Airbus Denies Selling Five German Plants

Author: 
Agence France Presse
Publication Date: 
Thu, 2006-10-12 03:00

FRANKFURT, 12 October 2006 — The European aircraft company Airbus denied yesterday a newspaper report that it wanted to sell five German factories employing 6,600 people.

“That’s pure speculation,” a spokesman for Airbus Germany told AFP, adding that he denied the report.

The mass-circulation daily Bild had reported in its yesterday edition that crisis-ridden Airbus was looking to sell five of its German manufacturing sites — four in the northern state of Lower Saxony and one in the south-western state of Baden-Wuerttemberg.

The newspaper quoted company sources as saying that the sites would be spun off as soon as possible to private investors but would continue to supply Airbus at more favorable rates.

Workers would thus retain their jobs but probably be paid less, Bild claimed.

The company’s biggest German facility is in the northern port of Hamburg, which employs more than 10,000 workers, and in the nearby port of Bremen, where 3,100 people work.

Cabling problems that led to the latest delay in production of the Airbus A380 superjumbo have been traced to the Hamburg plant.

The program is now two years behind schedule and Airbus’s parent company EADS has forecast it will suffer operating losses of around 4.8 billion euros ($6.0 billion) as a result.

The newspaper Die Welt, meanwhile, said that a broad restructuring plan for Airbus directly threatened up to 1,000 German jobs, through the elimination of temporary posts or reductions in the number of hours worked. No outright job cuts were foreseen before 2012, however.

The French co-chairman of EADS, Arnaud Lagardere, told the French economic daily Les Echos that the rescue plan would affect France as well as Germany. Airbus has a total workforce of 57,000.

Lagardere stressed in a interview published yesterday that there was no alternative to the plan dubbed Power8, and that it would “include reductions in administrative posts” at Airbus.

On Tuesday, German Transport Minister Wolfgang Tiefensee met French counterpart Dominique Perben and said later he was sure Airbus would come up with a “fair solution between France and Germany” to labor problems raised by the restructuring program.

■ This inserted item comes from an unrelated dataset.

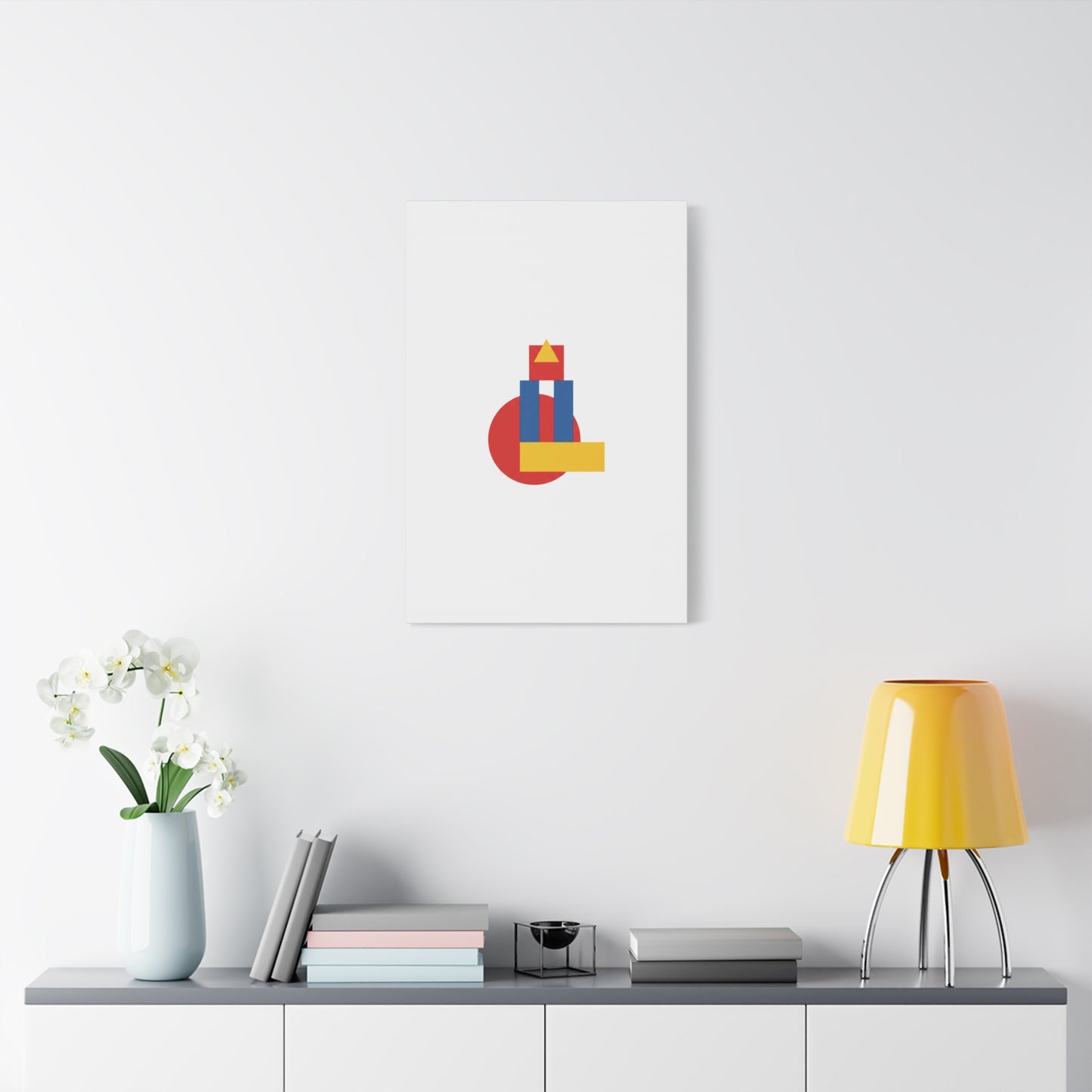 Abstract Geometric Shape Canvas Print — Minimalist Primary Color Wall Art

The new chief executive of Airbus, Louis Gallois, visited the company’s headquarters in Toulouse, central southern France, on Tuesday and afterward an official of the main FO trade union there, Julien Talavan, said:

“He reassured us, saying that today there was nothing to make us think that the company was going to get rid of any (production) site.

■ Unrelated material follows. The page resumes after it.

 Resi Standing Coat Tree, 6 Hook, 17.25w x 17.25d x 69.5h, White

“He told us that the company would not touch the sites and that it would do its best to get people to leave (the workforce) because of age, and that he would do everything possible to launch the A350 (medium-distance) airliner.”

The trade unionist also said: “He reassured us about the assembly lines, in particular for the A320 which will remain in Toulouse, (and) for the A380.”

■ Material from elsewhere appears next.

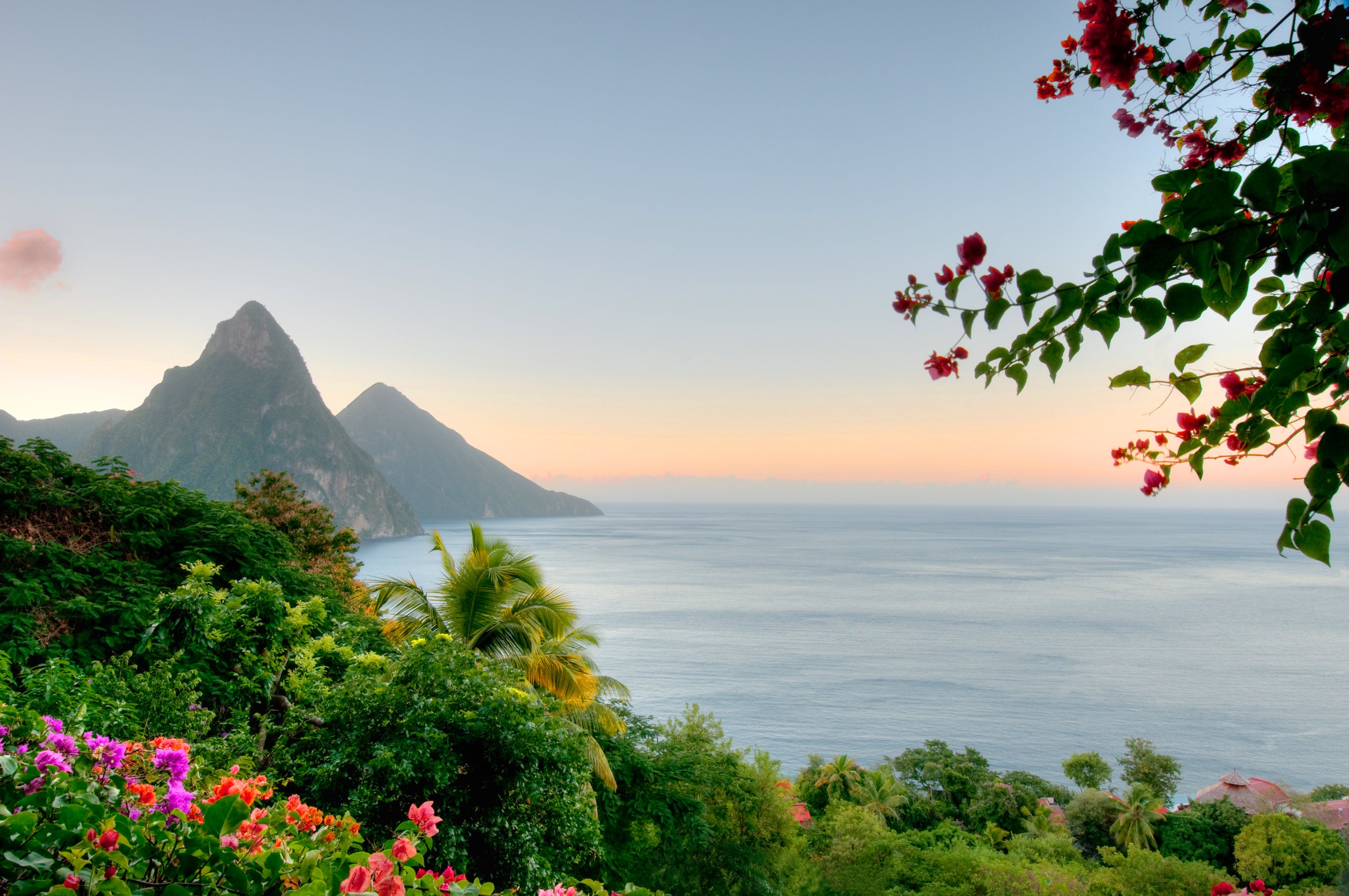 St Lucia’s tropical climate welcomes a balmy but bearable 29C in February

Gallois had also rejected press reports that the restructuring plan would involve the shedding of about 10,000 jobs, Talavan said.”

He added that Gallois “is unable to give us a figure” for job cuts and that “nobody has a figure for that...in two or three months we will know.”

Also on Tuesday, a spokeswoman for Airbus said “We are categoric. Absolutely no figure has been fixed.”